AIM OF THE EXERCISE =>
Whenever the word "with" appears in a line of the data below, copy that line.
╔══
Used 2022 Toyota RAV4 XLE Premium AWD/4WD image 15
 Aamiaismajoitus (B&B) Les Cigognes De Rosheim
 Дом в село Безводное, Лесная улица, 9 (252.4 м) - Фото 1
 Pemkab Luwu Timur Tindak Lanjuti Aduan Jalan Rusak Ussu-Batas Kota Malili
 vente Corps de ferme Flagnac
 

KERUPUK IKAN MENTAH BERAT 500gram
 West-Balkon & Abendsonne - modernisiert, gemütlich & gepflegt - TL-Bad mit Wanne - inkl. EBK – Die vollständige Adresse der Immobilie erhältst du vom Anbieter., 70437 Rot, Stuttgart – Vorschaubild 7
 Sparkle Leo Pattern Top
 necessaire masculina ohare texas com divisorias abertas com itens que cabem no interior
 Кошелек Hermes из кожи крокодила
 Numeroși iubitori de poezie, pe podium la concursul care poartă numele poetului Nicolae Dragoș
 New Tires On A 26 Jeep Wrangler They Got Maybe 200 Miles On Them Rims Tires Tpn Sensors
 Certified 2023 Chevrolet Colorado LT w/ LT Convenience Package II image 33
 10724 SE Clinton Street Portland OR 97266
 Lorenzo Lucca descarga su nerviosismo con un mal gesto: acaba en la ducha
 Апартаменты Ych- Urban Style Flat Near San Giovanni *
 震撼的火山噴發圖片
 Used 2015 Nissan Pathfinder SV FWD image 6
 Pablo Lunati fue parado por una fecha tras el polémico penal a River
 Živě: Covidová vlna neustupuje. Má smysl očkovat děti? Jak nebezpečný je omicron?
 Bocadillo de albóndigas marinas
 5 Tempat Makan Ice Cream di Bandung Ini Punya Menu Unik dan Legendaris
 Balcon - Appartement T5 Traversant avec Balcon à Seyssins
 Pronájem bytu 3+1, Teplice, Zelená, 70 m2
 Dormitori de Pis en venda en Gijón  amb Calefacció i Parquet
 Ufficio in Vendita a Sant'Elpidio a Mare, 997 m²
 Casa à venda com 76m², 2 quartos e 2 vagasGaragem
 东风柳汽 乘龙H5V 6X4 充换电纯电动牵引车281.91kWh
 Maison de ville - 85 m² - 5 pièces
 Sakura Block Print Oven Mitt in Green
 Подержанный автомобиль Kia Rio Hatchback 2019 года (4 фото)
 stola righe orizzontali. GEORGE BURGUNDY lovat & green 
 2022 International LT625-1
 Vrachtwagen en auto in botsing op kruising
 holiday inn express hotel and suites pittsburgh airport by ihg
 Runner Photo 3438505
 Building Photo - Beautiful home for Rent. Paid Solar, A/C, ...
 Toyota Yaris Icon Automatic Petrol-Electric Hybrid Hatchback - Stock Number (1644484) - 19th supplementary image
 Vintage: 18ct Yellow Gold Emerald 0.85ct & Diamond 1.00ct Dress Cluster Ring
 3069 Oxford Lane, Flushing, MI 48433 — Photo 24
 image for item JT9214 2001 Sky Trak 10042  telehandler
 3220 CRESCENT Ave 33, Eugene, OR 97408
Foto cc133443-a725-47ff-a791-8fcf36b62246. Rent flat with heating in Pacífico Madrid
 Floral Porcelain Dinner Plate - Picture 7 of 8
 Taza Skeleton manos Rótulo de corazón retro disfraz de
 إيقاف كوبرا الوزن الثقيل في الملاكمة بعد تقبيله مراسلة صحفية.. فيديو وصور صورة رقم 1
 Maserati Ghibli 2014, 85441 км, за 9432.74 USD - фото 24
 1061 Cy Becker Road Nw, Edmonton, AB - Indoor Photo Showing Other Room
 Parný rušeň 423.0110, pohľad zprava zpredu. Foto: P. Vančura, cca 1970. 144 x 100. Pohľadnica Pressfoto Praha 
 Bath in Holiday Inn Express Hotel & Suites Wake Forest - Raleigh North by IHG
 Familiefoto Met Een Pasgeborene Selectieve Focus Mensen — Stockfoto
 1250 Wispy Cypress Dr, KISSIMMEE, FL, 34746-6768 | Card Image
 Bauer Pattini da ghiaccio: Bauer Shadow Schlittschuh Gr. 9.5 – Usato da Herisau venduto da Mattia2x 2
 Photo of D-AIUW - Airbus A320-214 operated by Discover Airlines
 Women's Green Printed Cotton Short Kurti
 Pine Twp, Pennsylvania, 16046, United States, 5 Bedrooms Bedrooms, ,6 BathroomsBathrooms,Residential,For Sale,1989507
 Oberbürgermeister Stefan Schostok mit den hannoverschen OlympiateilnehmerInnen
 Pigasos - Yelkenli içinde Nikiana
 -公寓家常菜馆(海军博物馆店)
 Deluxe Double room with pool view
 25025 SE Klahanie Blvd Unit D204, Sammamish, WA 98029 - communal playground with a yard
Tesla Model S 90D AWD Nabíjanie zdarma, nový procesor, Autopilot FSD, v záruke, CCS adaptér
╚══
RESPONSE FOR THIS EXERCISE =>
Foto cc133443-a725-47ff-a791-8fcf36b62246. Rent flat with heating in Pacífico Madrid
 Deluxe Double room with pool view
 25025 SE Klahanie Blvd Unit D204, Sammamish, WA 98029 - communal playground with a yard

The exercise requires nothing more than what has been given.